→ Problem details:
Return the listing exactly. Keep no pictures.

→ Available records:

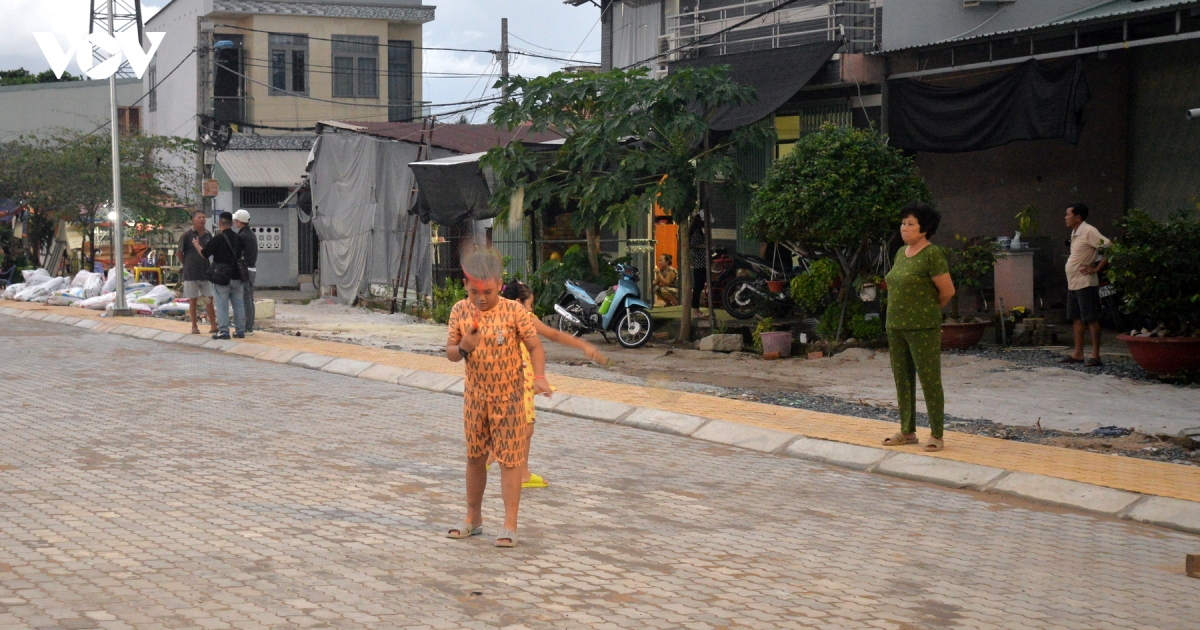 1.500 cong nhan lam 3 ca de dua du an chong ngap ve dich trong thang 11 hinh anh 11
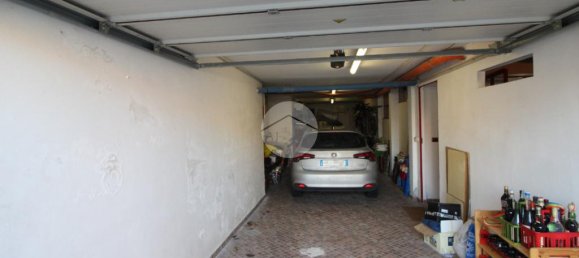 3 غرف نوم فيلا في Brandizzo, Italy رقم 209215 35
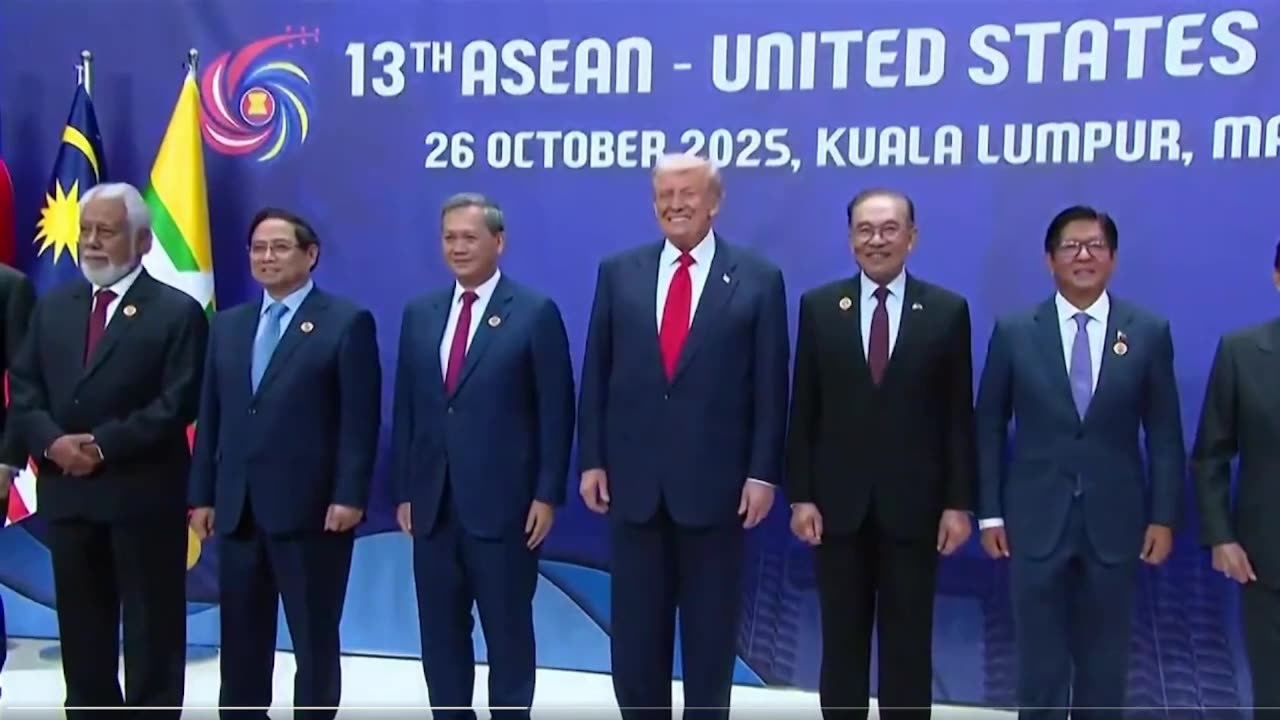 @POTUS chụp ảnh chung với các nhà lãnh đạo tại Hội nghị thượng đỉnh ASEAN ở Kuala Lumpur, Malaysia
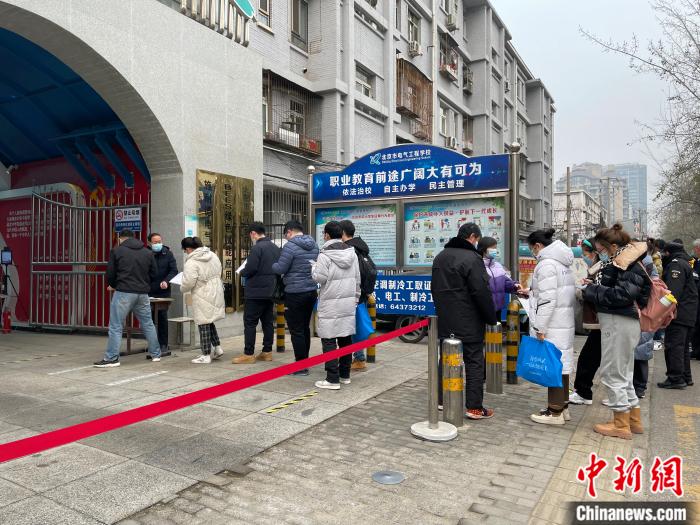 北京一考点外，考生正在排队进入考场。 任靖 摄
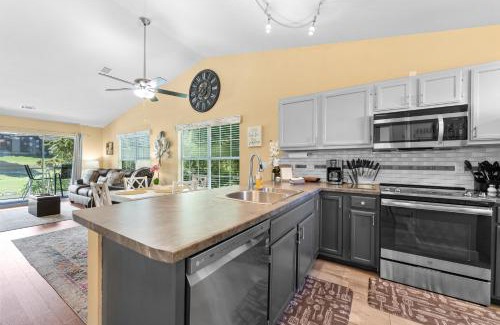 Table Rock Apartment | Harmony Hideaway condo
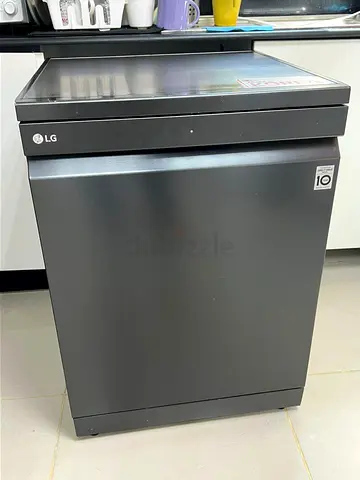 LG Three Rack Dishwasher With Wi-Fi Smart System- Dark Stainless, Good Condition 60cm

→ Solved exercise:
 1.500 cong nhan lam 3 ca de dua du an chong ngap ve dich trong thang 11 hinh anh 11
 3 غرف نوم فيلا في Brandizzo, Italy رقم 209215 35
 @POTUS chụp ảnh chung với các nhà lãnh đạo tại Hội nghị thượng đỉnh ASEAN ở Kuala Lumpur, Malaysia
 北京一考点外，考生正在排队进入考场。 任靖 摄
 Table Rock Apartment | Harmony Hideaway condo
 LG Three Rack Dishwasher With Wi-Fi Smart System- Dark Stainless, Good Condition 60cm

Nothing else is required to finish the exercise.